Exercise directions:
Where the listing shows an image, skip it and output all other material unchanged.

Input data:
☆ ☆ ☆

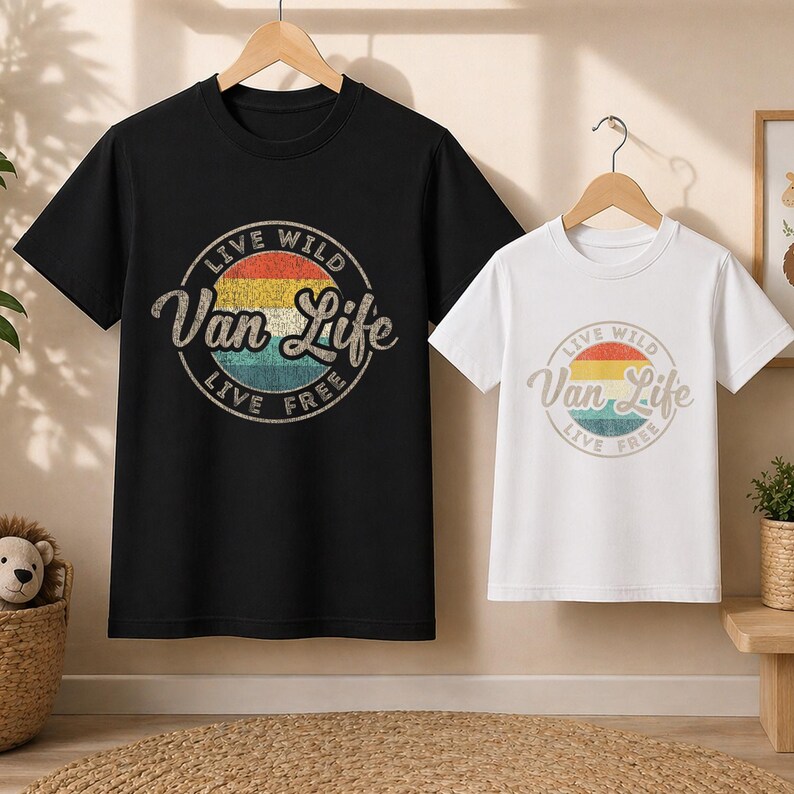 May include: Two t-shirts, one black and one white, each with a circular graphic. The graphic reads "Live Wild Van Life Live Free" in a vintage style, with a colorful sunset design. Both shirts are short-sleeved.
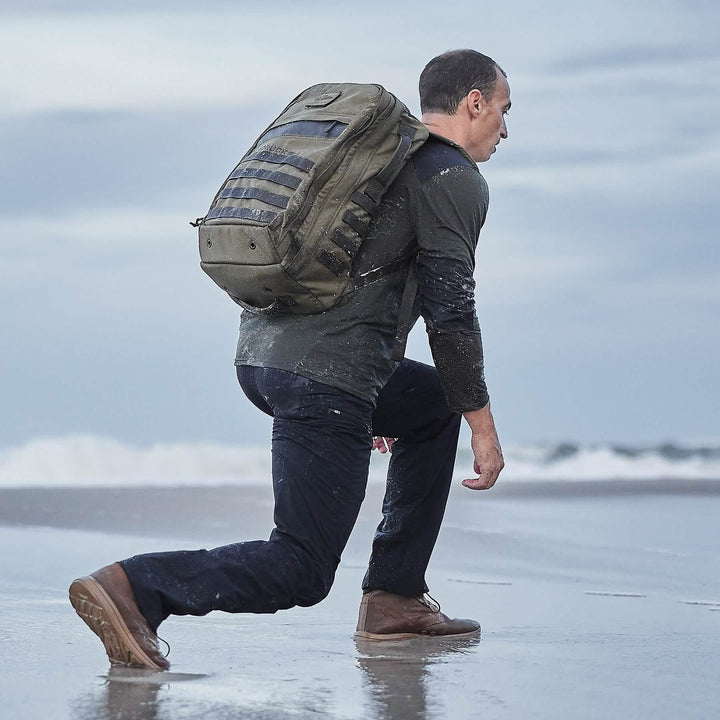 On a wet, sandy beach, a person with a large backpack kneels wearing a long-sleeve shirt, dark pants, and GORUCK's MACV-1 Hi-Speed - Mid Top rucking boots. Waves roll in the background beneath a cloudy sky.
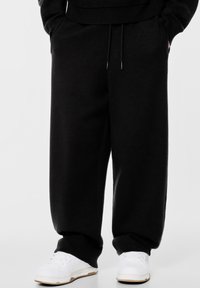 Fekete, laza szabású melegítőnadrág, húzózsin�órral a derékrésznél, bordázott mandzsettákkal és oldalsó zsebekkel, fehér sportcipővel párosítva.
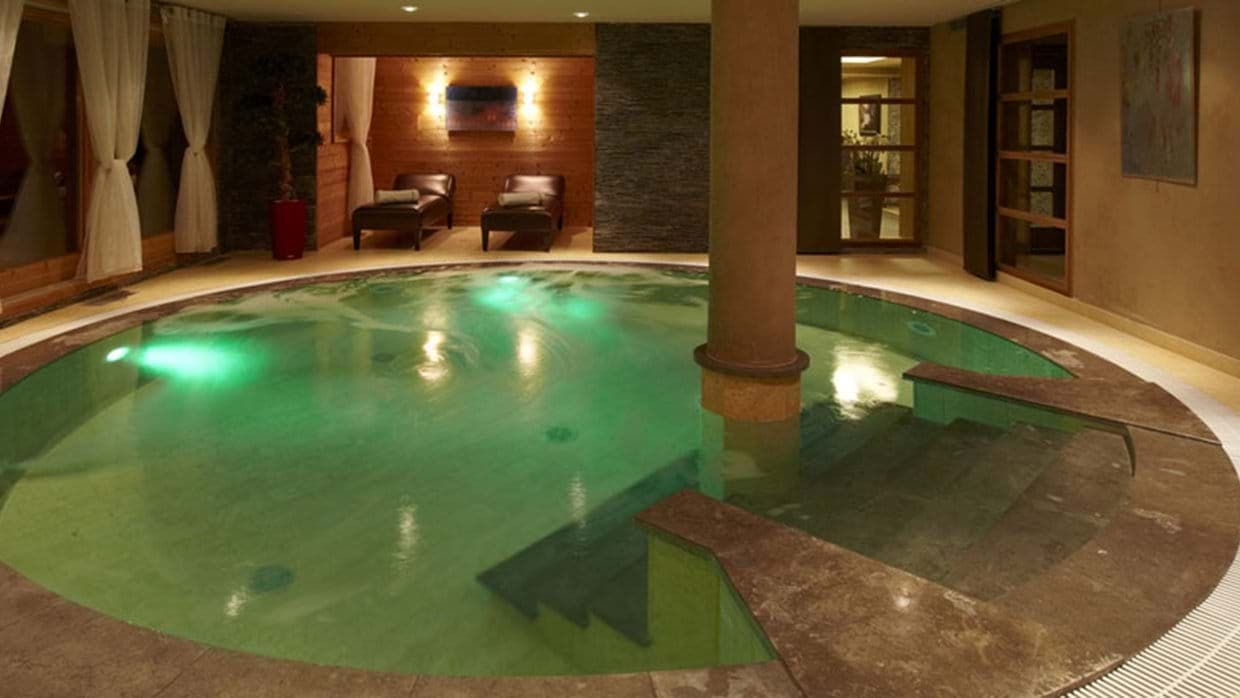 Indoor circular pool with submerged steps and poolside loungers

☆ ☆ ☆

Exercise result:
 May include: Two t-shirts, one black and one white, each with a circular graphic. The graphic reads "Live Wild Van Life Live Free" in a vintage style, with a colorful sunset design. Both shirts are short-sleeved.
 On a wet, sandy beach, a person with a large backpack kneels wearing a long-sleeve shirt, dark pants, and GORUCK's MACV-1 Hi-Speed - Mid Top rucking boots. Waves roll in the background beneath a cloudy sky.
 Fekete, laza szabású melegítőnadrág, húzózsin�órral a derékrésznél, bordázott mandzsettákkal és oldalsó zsebekkel, fehér sportcipővel párosítva.
 Indoor circular pool with submerged steps and poolside loungers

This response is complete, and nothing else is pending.